Staying two steps ahead of today’s cyber threats is hard. IT and security teams can feel like Sisyphus from Greek mythology, cursed to push a boulder up an endlessly steep hill. What’s worse, data breaches are no longer considered a potential scenario. As the value of success gets more and more lucrative, hackers are driven to find any opening in an organization’s defense.

To protect their data, businesses need to play offense — and GoAnywhere MFT can help.

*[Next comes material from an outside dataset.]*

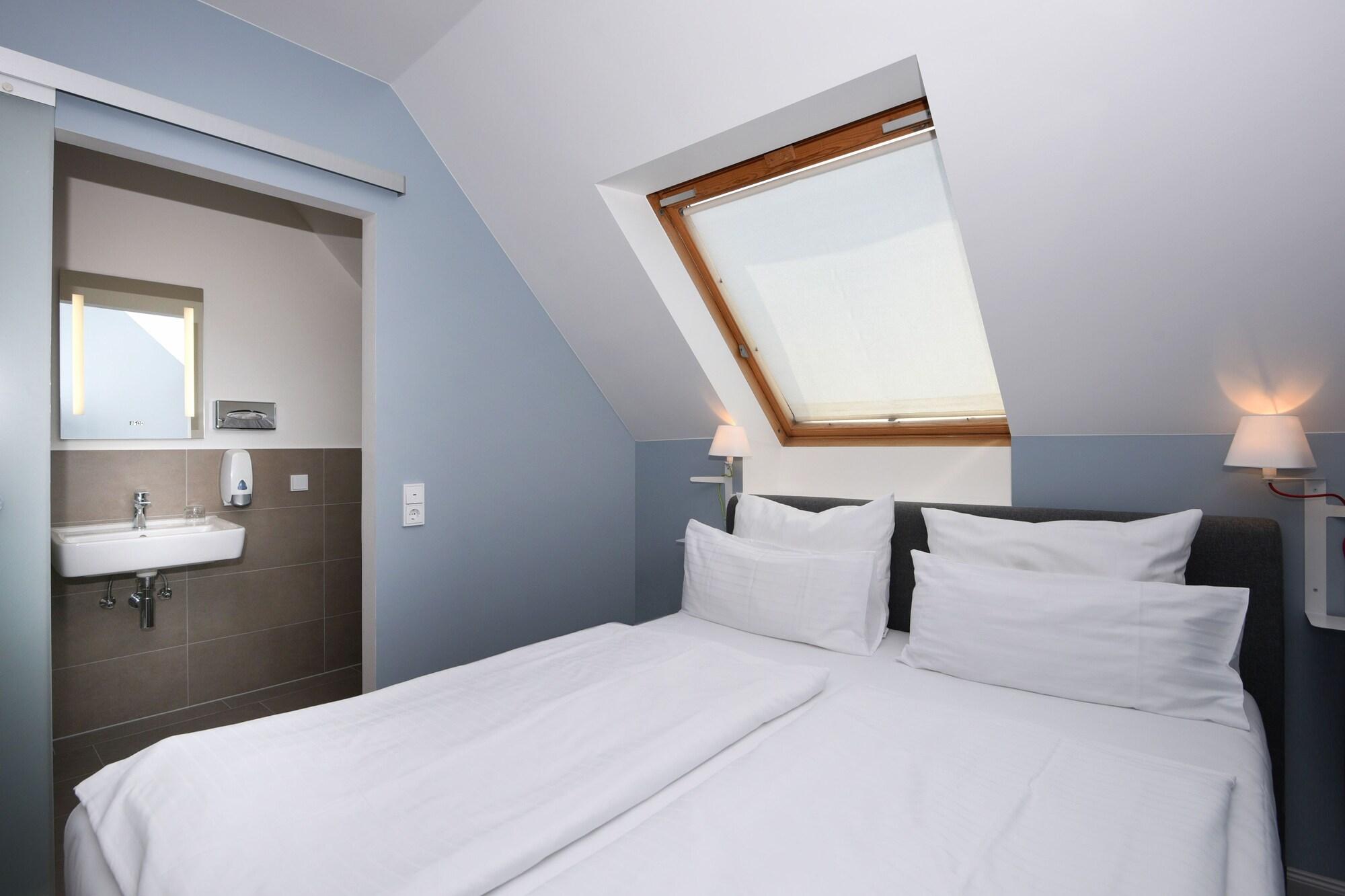 Hotel Barbarossa Classic Ratingen Exterior photo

Explore how adding a secure managed file transfer solution to your cybersecurity strategy can help safeguard critical data in transit and at rest. In this live event, you’ll see how GoAnywhere MFT can help prevent data breaches through features like:

  • File transfer/encryption automation for reduced user error
  • Integrated file encryption technologeis (e.g., Open PGP and AES)
  • Audit logs ffor all file transfer and admin activity
  • Extensive security controls for stringent in-house policies and compliance requirements

Transcript

Brooke: Hello everyone. Thank you so much for joining today's event on How to Prevent Data Breaches with GoAnywhere. In the next 60 minutes or so, we'll talk about the cold hard reality of data breaches and then the better news of how managed file transfer can help prevent them. We'll send you a copy of the recording after the event if you'd like to rewatch anything and as we go, if you have questions, please submit them through your control panel in the questions pane. If we don't get to your questions and we have time at the end, we'll try to get to them live otherwise, we'll make sure to follow up after the presentation. I am joined today by my co-host, Dan Freeman. Hey Dan, are you all set?

Dan: I think I am.

Brooke: Great, so to give everyone a quick introduction to Dan, if you haven't been on his webinars before, Dan has spent the last 10 years of his career in various security roles ranging from systems engineer to security officer and he currently serves as Senior Solutions Consultant at HelpSystems for the GoAnywhere product line. Let's take a quick look at our agenda for today's webinar. We're going to talk about the risk of data breaches, including some interesting statistics around the cost of data breaches to today's organizations. We'll discuss how managed file transfer can help. We'll show you our GoAnywhere solution in action and we'll finish with a quick Q&A session if time permits. All right, Dan, I'll let you take it from here.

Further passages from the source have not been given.